Hep bir ‘ama’sı olanlardan mısınızdır, yoksa kendini suçlayanlardan mı? Bazen yaptıklarımızın sonuçlarından korkup basit bir kelimenin altına sığınırız. Aldığımız ve alamadığımız sorumluluklara karşı yaptığımız küçük kaçamaktır bu kelime.
Sorumluluk almak zor iştir. Sonuçlarına katlanmak ise daha da zordur. Bu yüzden suçu hemen başkasına atıp kaçmak isteriz. Böylesi hem daha kolaydır, hem de insanlar sizin sorumsuz olduğunuzu düşünmez.
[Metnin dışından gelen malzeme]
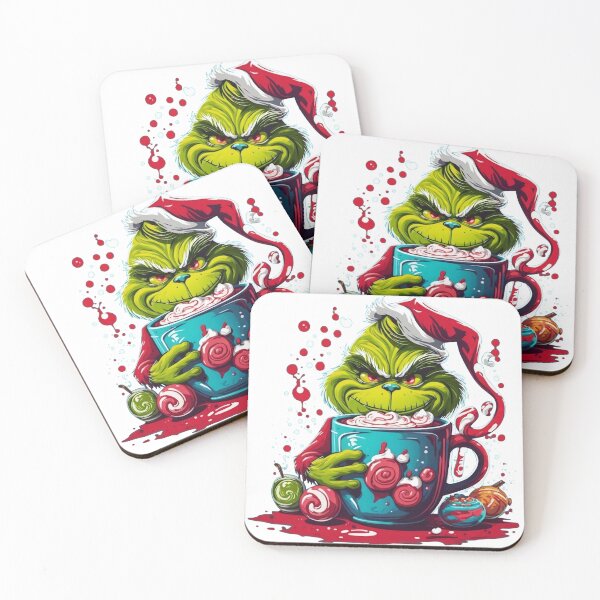 Item preview, Giggling Grinchy Galore and Giggle-Inducing Graphics designed and sold by Misterpng.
Saklandığımız her ‘ama’nın altındaki sebebin, kendimiz olduğunu bilmemize rağmen, içimize farklı bir rahatlık düşer.
Suçu başkasına atmak ya da bir bahane bulmak insanın egosunu da tatmin eder. Zamanla gerçekten sorunun sizde olmadığına inandırırsınız kendinizi. “Benim suçum değil.” Duygusuyla yaşayıp gidersiniz.
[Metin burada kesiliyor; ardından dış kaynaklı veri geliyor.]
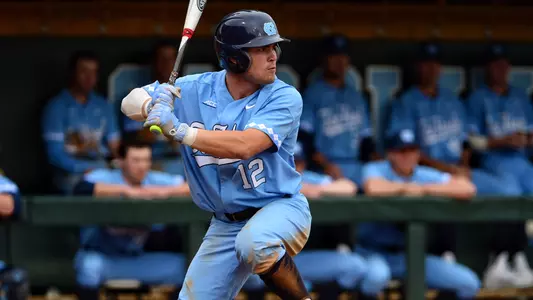 No. 7 Tar Heels Fall To No. 16 St. John's, 5-4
Hiçbir şey imkânsız değildir aslında. İmkânsızlaştıran, önümüzü kapatan tamamen kendi düşüncelerimiz, kendi bahanelerimizden ibaret. Çalışmayı istememe duygusu ile hareket ettiğimiz için “ben yapamam” deriz.
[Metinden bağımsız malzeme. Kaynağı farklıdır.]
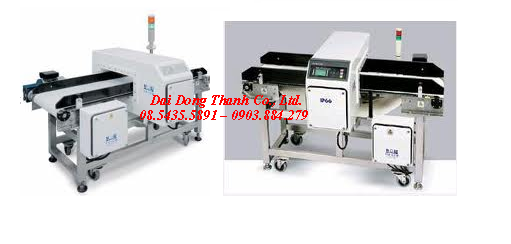 Máy dò kim loại tự động công nghệ Hàn Quốc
Suçlu hissetmek, insanın kendine hissettirebileceği en kötü duygudur. Kendi kendini hırpalamak, yaralamak, yüklü bir sorumluluğu taşıyamamanın üzüntüsüdür bu his. Başkasının bunu taşıyamadığını görmek, elinizden hiçbir şey gelmemesi işin en kolayı, en az acılısı olandır. İçimizde bir yerde doğrunun ne olduğunu bilmemize rağmen, başkalarını suçlarız; çünkü suçlamak acıtmaz.